Volvamos entonces a la pregunta. ¿Se posee tales recursos en el protestantismo? ¿O se rompió hace ya siglos con ellos, una ruptura que estaría en el corazón mismo de la Reforma? Ocurre que durante dos siglos ha predominado esa lectura de la Reforma, una lectura que la entiende como ruptura con la tradición intelectual cristiana precedente, como si ella hubiera roto con una teología “helenizada” para girar a una más “bíblica”. Bajo el impacto de esa lectura, una porción enorme del protestantismo contemporáneo ha quedado desconectado de una centenaria tradición cristiana de reflexión sobre los asuntos humanos. La pregunta, con todo, es si acaso esa interpretación de la Reforma es correcta. Y la respuesta, me parece, es inequívocamente negativa. Este es un punto que he tratado de modo extenso en Reforma protestante y tradición intelectual cristiana, y que una creciente literatura continúa confirmando. Porque salvo que uno se refugie en un par de frases sueltas de Lutero, no puede sino reconocer el modo masivo en que el temprano protestantismo continuó edificando sobre la tradición intelectual del mundo antiguo y medieval –una tradición tanto teológica como filosófica. Pero si el argumento que he presentado aquí es correcto, eso tiene importancia no solo por el deber de contar bien la historia. Importa aún más porque recuperamos así un trato familiar con tradiciones de pensamiento que hoy son de importancia crucial.

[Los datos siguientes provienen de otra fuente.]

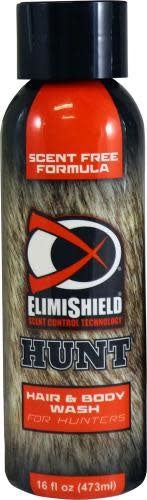 Elimishield Hunt Hair and Body Wash 16 oz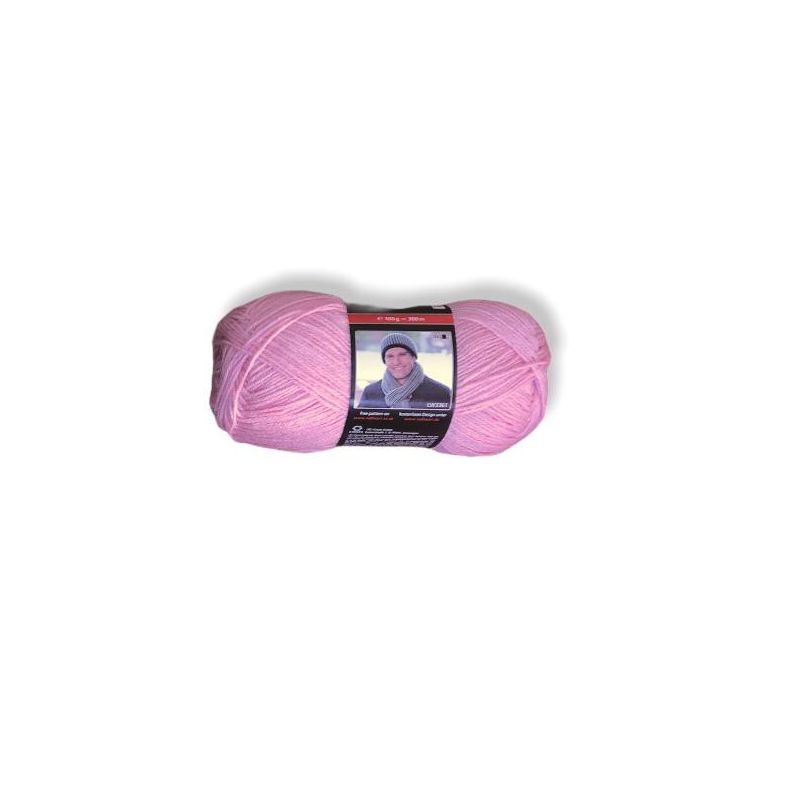 Gomitoli Lana Red Heart Bella 100g Rosa n°20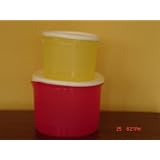 Cannister Set 2 Pc By Tupperware by Tupperware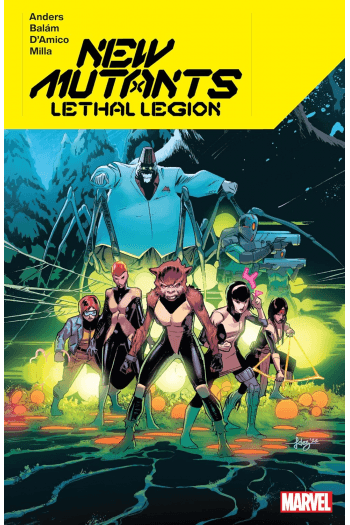 New Mutants: Lethal Legion (Strip) - naslovnica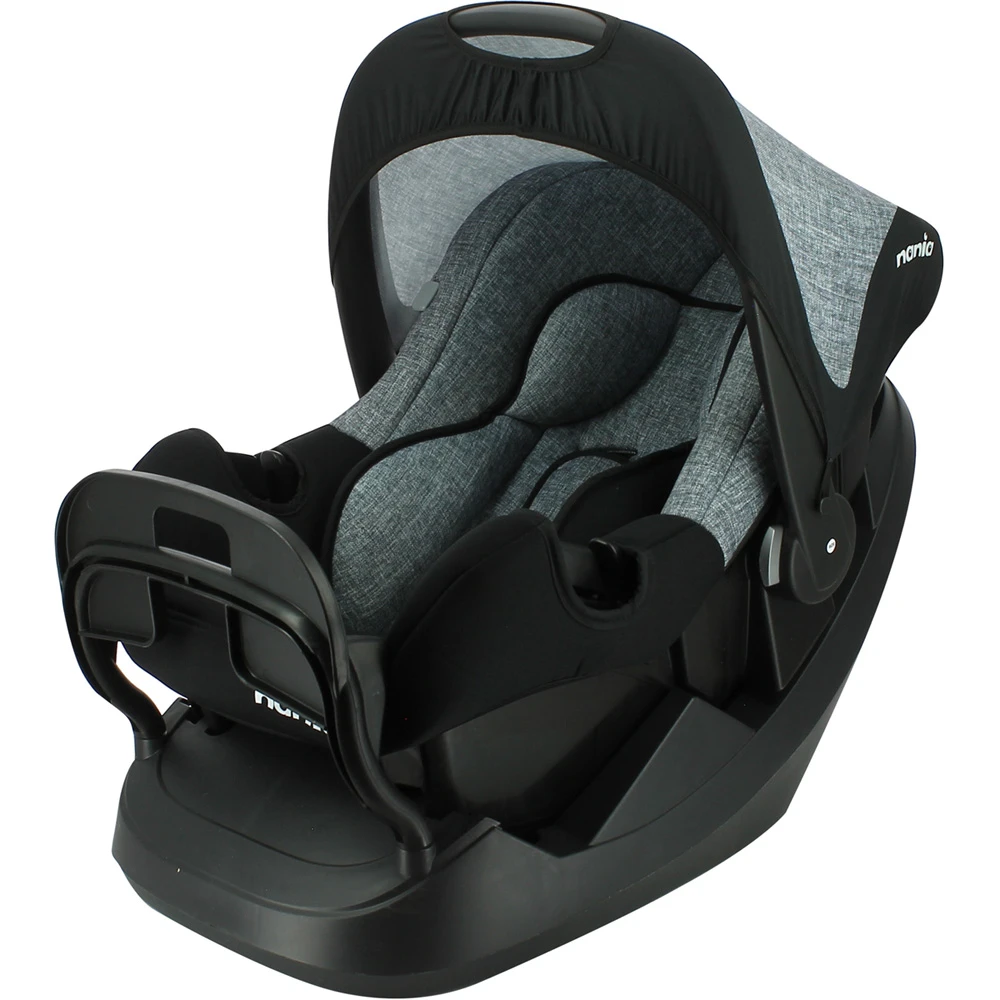 Siège Auto Coque Beone Silver + Base Fixe - Groupe 0+ 1 Siège Auto Coque Beone Silver + Base Fixe - Groupe 0+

Eso no significa que baste con reestablecer la conexión con ese rico pasado, para así tener lo que tan urgentemente se necesita. El trabajo de reflexión nunca es simple arqueología. Pero incluso autores relativamente cercanos en el tiempo y en las preocupaciones serán objeto de una apropiación más cabal si se supera esa mirada de la Reforma como ruptura. Piénsese, por ejemplo, en la obra de C.S. Lewis, cuyo libro sobre La abolición del hombre es tan central para las preguntas que aquí tocamos. Es un autor que muchos admiran, pero al que a la vez imaginan como un producto atípico para el protestantismo. ¿No responde este escritor, se preguntan, a una forma católica de pensamiento? Lo que en realidad revela esa pregunta es una profunda ignorancia respecto de cuán católico siguió siendo el pensamiento protestante durante sus primeros siglos. A quien se familiariza con ese hecho no le espera sorpresa alguna al tomar en sus manos los ensayos de Lewis u otra literatura similar. Parece, en otras palabras, que incluso la relación con este pasado intelectual más reciente pasa por recomponer la relación con el pasado remoto. Un pasado remoto bien distinto de como lo imaginamos.